__Information shown__:
-- Opening Marker --
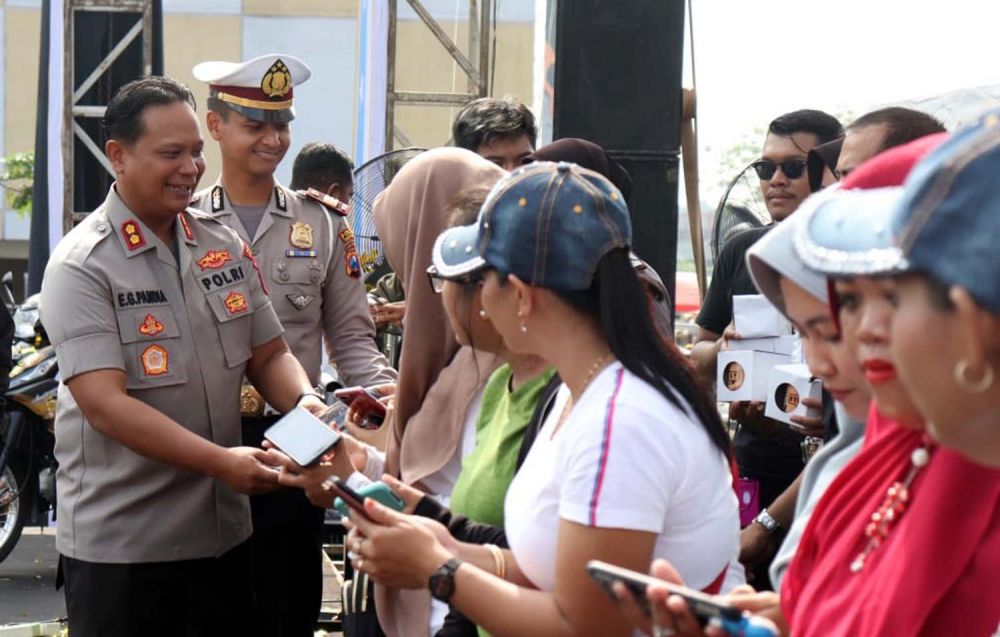Kapolres Tulungagung AKBP Eva Guna Pandia saat peluncuran aplikasi SIM Astuti dan SKCK Online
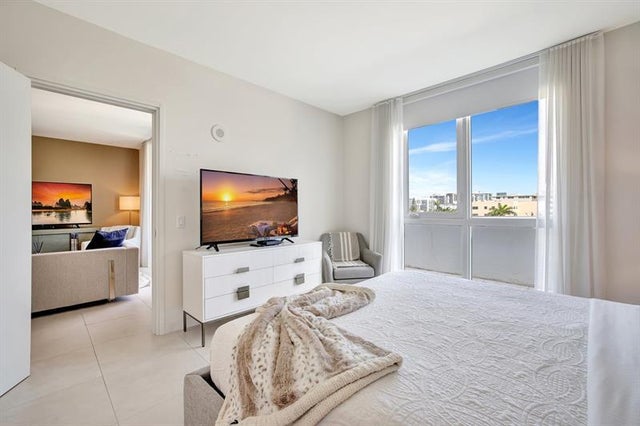 4 of 38 - 401 N Birch Rd 413, Fort Lauderdale, FL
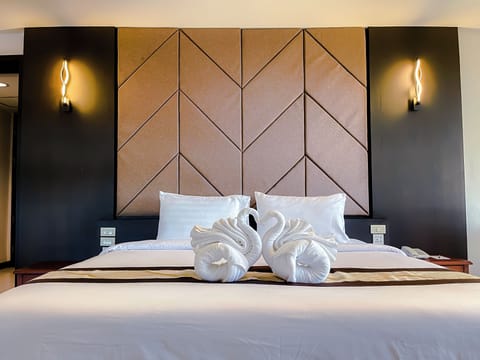 Family Room, Multiple Beds | Desk, laptop workspace, blackout drapes, free WiFi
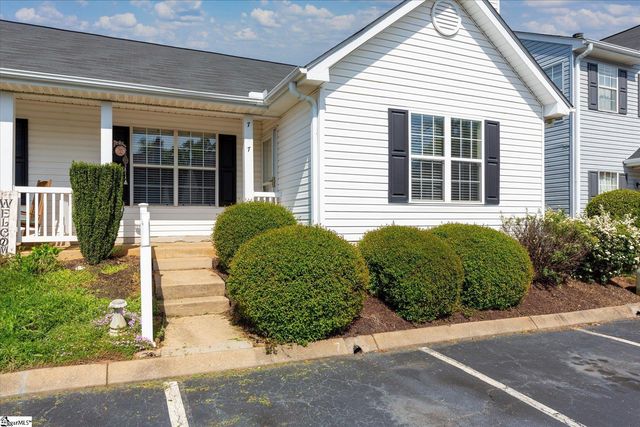 7 Hammett Grove Lane, Greer, SC 29650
-- Closing Marker --
__Work request__:
Restate the data above word for word. Skip every picture.

__Answer area__:
Kapolres Tulungagung AKBP Eva Guna Pandia saat peluncuran aplikasi SIM Astuti dan SKCK Online
 4 of 38 - 401 N Birch Rd 413, Fort Lauderdale, FL
 Family Room, Multiple Beds | Desk, laptop workspace, blackout drapes, free WiFi
 7 Hammett Grove Lane, Greer, SC 29650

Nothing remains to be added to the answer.